Guidance

AI Insights: Agentic AI (HTML)

Updated 22 April 2025

What is agentic AI?

Artificial intelligence (AI) agents are small, specialised pieces of software that can make decisions and operate cooperatively or independently to achieve system objectives. Agentic AI refers to AI systems composed of agents that can behave and interact autonomously in order to achieve their objectives.

Recent advances in agentic artificial intelligence (AI) have driven remarkable growth in both its popularity and capabilities. This progress is due to the integration of large language models (LLMs) with agent-based systems. By providing reasoning and discovery abilities, LLMs enhance an agent’s autonomy. This enables the agent to determine the most appropriate course of action to meet system objectives.

Traditional software typically follows fixed pathways to solve problems. In contrast, agent-based systems operate like independent assistants that choose and combine several actions to achieve their goals.

Legacy agents

Agent-based systems have been in use for a very long time. These legacy agents operate without autonomy and follow fixed steps in response to events.

These are often used to simulate large populations and their interactions. These systems bear little resemblance to agentic AI.

The fundamental difference with agentic AI is that the execution pathway is now derived intelligently, by utilising LLMs in the planning process.

How is it different?

In traditional systems, the order of instructions is set in advance. If we consider an online ordering system, traditional software systems create an order, add order items, process the payment, then send for distribution, and so forth. There is no variability in the process-flow that has not been hard-coded into the system.

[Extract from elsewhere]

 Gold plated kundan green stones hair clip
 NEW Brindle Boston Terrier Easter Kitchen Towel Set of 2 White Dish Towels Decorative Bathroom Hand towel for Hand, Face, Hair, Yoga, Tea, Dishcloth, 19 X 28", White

Agentic systems, on the other hand, are given a set of capabilities and will then autonomously select which of those are best suited to achieve an objective - for example, fulfilling the order. This system may then look up the best price, consider competing prices, back order out-of-stock items, and offer different prices for different delivery schedules autonomously. This ability to use tools to solve problems is what makes agentic systems so powerful.

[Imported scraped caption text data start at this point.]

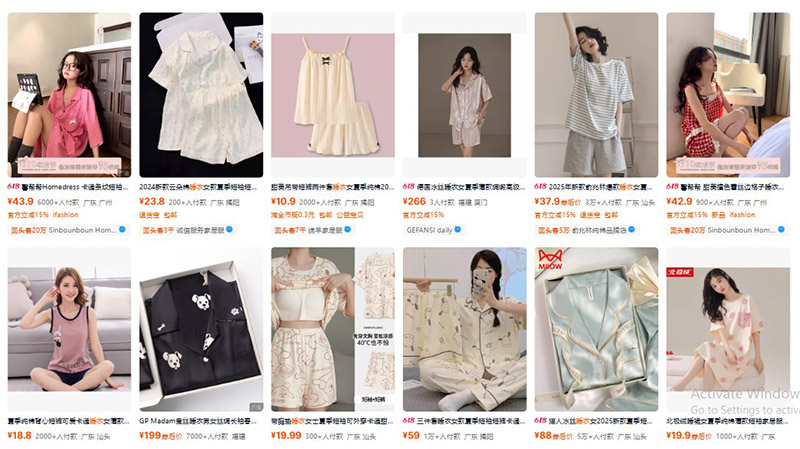 Một số link shop đồ ngủ uy tín trên các trang TMĐT của Trung Quốc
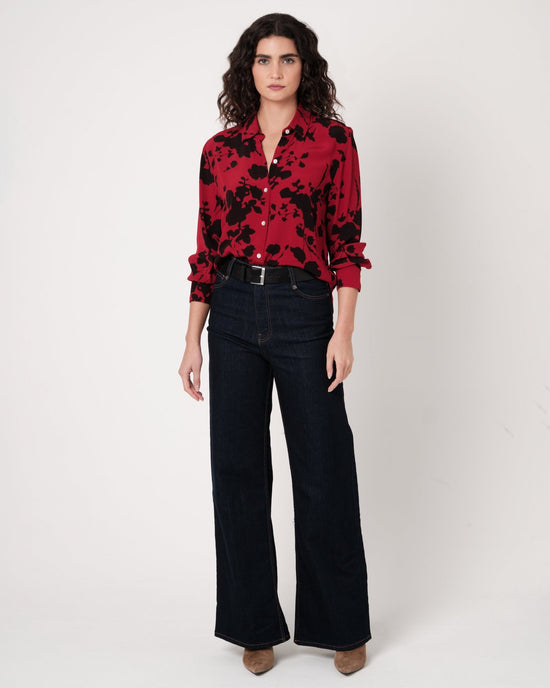 Bella Dahl Long Sleeve Button Up Shirt With Wide Cuff - Bordeaux Floral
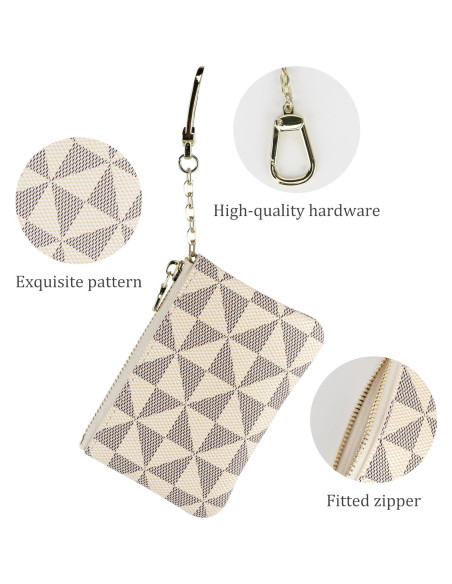 Monedero Mini Veki de Cuero Sintético Blanco con Llavero Monedero Mini Veki de Cuero Sintético Blanco con Llavero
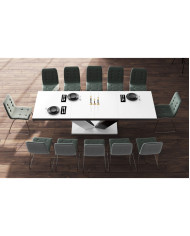 Stół rozkładany Viva 2, blat czarny połysk/ podstawa czarny i biały połysk, 160-256/75/89 cm, 2 wkłady powiększające, HUBERTUS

In this simple example, software engineers might argue that this flexibility could also be created through traditional coding. They would be entirely correct. However, as features and capabilities increase, the legacy codebase tends to become increasingly complex, harder to maintain and more difficult to extend. Agentic systems increase their capabilities by learning new abilities. These are then used to help the system to define an effective execution plan.

Capabilities

In agentic AI, functions and tools represent the different capabilities that the system has at its disposal. In the order management system we have used as an example, we may have tools or functions that check if items are in stock and to look up prices. This pricing function could also independently check if the user’s account should have some discount applied, or equally may examine the latest pricing if a cached price is stale.

These capabilities are registered with the agentic system, with a natural language description of what they do, and any parameters they take. Tools are typically used to communicate externally through application programming interfaces (APIs), with databases or external systems. We don’t differentiate between them here, and some frameworks may have different terminology. As far as we are concerned, capabilities are the set of all functionality which exist and have been described in natural language and made available to the LLM.

The LLM uses this information to select the best course of action at different points in the execution life cycle.

These effectively act as building blocks in the system. The agentic AI will combine them as necessary to process orders. That is the real power and flexibility of agentic AI.

Orchestration and choreography

Agentic AI uses two main methods to combine these building blocks to solve problems: orchestration and choreography. These are terms used to describe how an agentic system coordinates the execution of functions.

Orchestration

Orchestration behaves like a central controller that manages the order of operation for system requests. It is like a conductor in an orchestra.

In our order processing example, the system would first validate the user account, then check prices and availability, and so on. This is following the logical and well-established order fulfilment life cycle. There is no need for the agentic AI system to try to derive or learn what is already well known.

The individual steps are composed of the functions selected through dynamic routing in the agentic system. This affords tremendous flexibility and extensibility in agentic systems.

Choreography

Choreography expresses a greater degree of freedom than the mostly command-driven orchestration. Choreographed behaviour is more loosely-coupled, often as an event-driven mechanism.

For example, during order processing, the system notices an item is out of stock so it raises a back-order and registers a request with the notification system to send an email to our user when the item comes into stock. This will happen independently based on the item’s arrival. Other examples include system maintenance and governance operations for efficient operations, like ensuring functions are viable, services are running, and so on.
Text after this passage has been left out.